On September 22, 1960, Menlo Park Police Officer John W. Lyle was killed in the line of duty. Menlo Park Police Department's first and only officer killed in the line of duty. John W. "Jack" Lyle was a Menlo Park police officer for 8 years. He was 29 years old.

John William Lyle, known to family and friends as "Jack", is remembered as a generous man, full of humor, a devoted husband and father who, according to his wife Norma, wanted a "houseful of children". Jack Lyle was born in the Chicago suburb of Oak Park, Illinois.

He was eighteen when his family moved to Menlo Park, California in 1949. Jack met Norma, the girl next door, on the day he moved in and they began a courtship speaking to each other over their backyard fence. Jack and Norma were married in September, 1950.

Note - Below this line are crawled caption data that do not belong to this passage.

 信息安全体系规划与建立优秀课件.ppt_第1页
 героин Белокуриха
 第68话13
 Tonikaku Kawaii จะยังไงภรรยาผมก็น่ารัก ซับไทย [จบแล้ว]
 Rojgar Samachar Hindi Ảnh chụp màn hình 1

Mrs. Lyle remembers Jack's initial disappointment at leaving the Midwest. He was active in his church and considered becoming a minister. He was also an avid ice hockey and soccer player. But Jack discovered he loved Menlo Park. After serving in the U.S. Air Force, he decided he would settle here and raise his family. He later found new sports in sailing and target shooting becoming an expert marksman. His marksmanship was a skill his children and grandchildren would later acquire. Jack also enjoyed journalism. Despite the fact he enjoyed writing, Norma says she still typed all his college homework.

Jack's generous and caring nature was evident when working and taking college courses. Mrs. Lyle remembers that he would bring students home for supper after his classes. These were students who had no family in the area and surviving on very little while in college. Mrs. Lyle said she had a lot of spaghetti feeds and at times she would scramble to accommodate the extra guests that Jack invited along.

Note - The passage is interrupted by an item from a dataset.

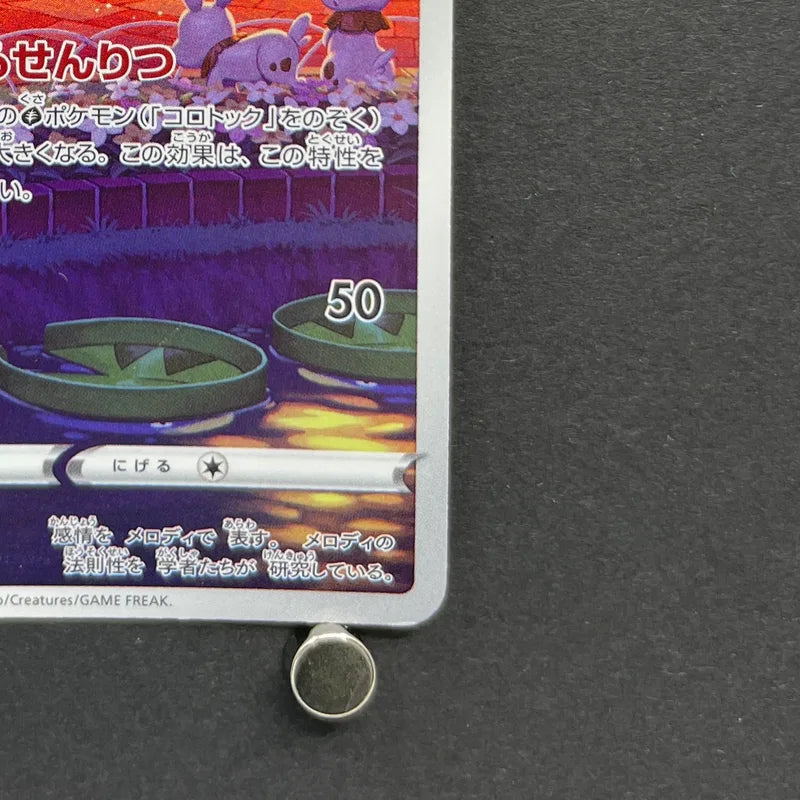 Kricketune AR 174/172 Pokemon card VSTAR Universe s12a (2.LP)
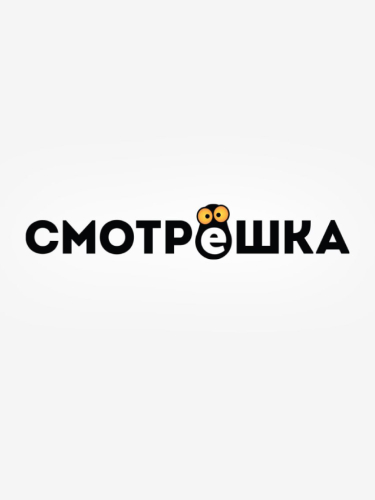 Смотрёшка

Norma Lyle recalls Jack's humor was the most evident on Halloween night. He enjoyed decorating and making a costume to scare the children who came to the door. One year he built a scarecrow in the front yard with a green lighted pumpkin head. It worked so well, not a single kid came to the door. The following year, he put together a "Frankenstein" costume. At 6'00'', 200 lbs, Jack presented an authentic and imposing figure. When Jack opened the door as "Frankenstein", the children screamed and ran forgetting all about trick-or-treat! Norma Lyle laughs at the memory, recalling, "We had a lot of candy left over that Halloween. We always had too much candy left over." She asked Jack to "tone it down" the next Halloween.

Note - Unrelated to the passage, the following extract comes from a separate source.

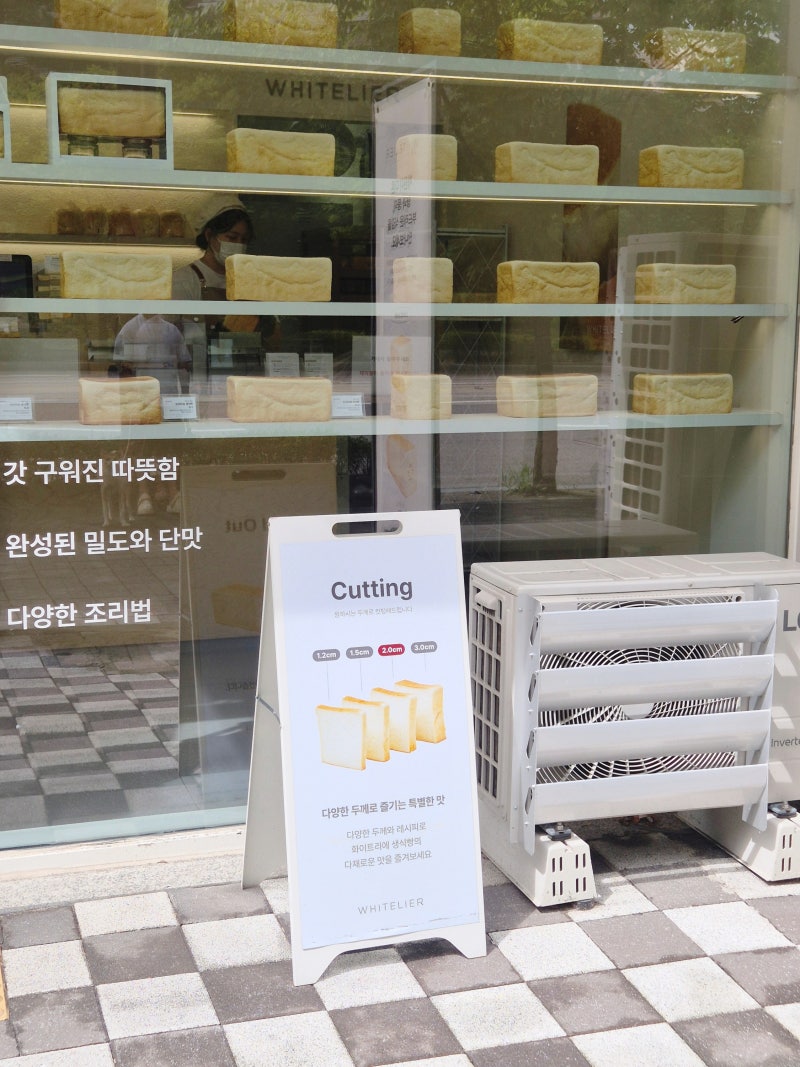 다산 화이트리에 일반 식빵 후기, 초코식빵 나오는 시간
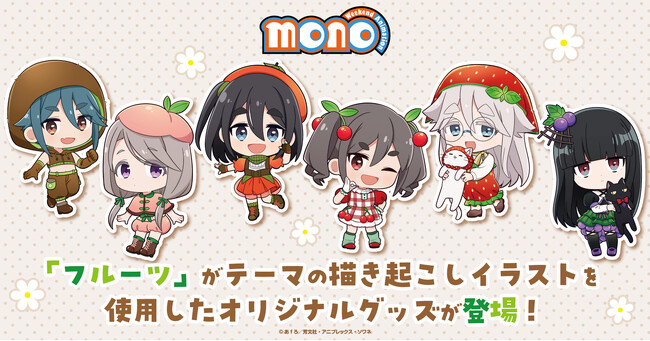 TVアニメ「mono」の新規描き起こしイラストを使用した新商品を発売!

Mrs. Lyle recalled the stories he told of his experience as a police officer. In one of Jack's more emotion-filled calls, he responded to a child hit by a car when she ran out into traffic. The child died in Jack's arms at the scene. Mrs. Lyle said the incident stayed with him for a long time. She recalled another story about an incident where a husband was literally strangling his wife. When Jack and his partner pulled the husband away, the wife started attacking Jack.

On another call, Jack and his partner responded to an incident at a house where, before they could get to the door, a large vicious dog kept charging at them. They repeatedly told the resident of the house standing in the door to call his dog off or they would have to shoot it. The man would not respond. They finally shot the dog. When the smoke settled, they asked the man, "Why didn't you call off your dog?" The man replied, "It's not my dog!"

In March, 1960, Officer Lyle received a letter of commendation from Menlo Park Police Chief George Potter for his part in rescuing children from a burning house in the Belle Haven neighborhood. Officers Ed Schild and Jack Lyle spotted smoke coming from a house, called the fire department and kicked the front door open to rescue the Joseph Singh family. Lyle and Schild carried three youngsters, ages 7, 2 and 16 months to their patrol car and turned on the heater to keep them warm. Due to their fast action, no one was injured.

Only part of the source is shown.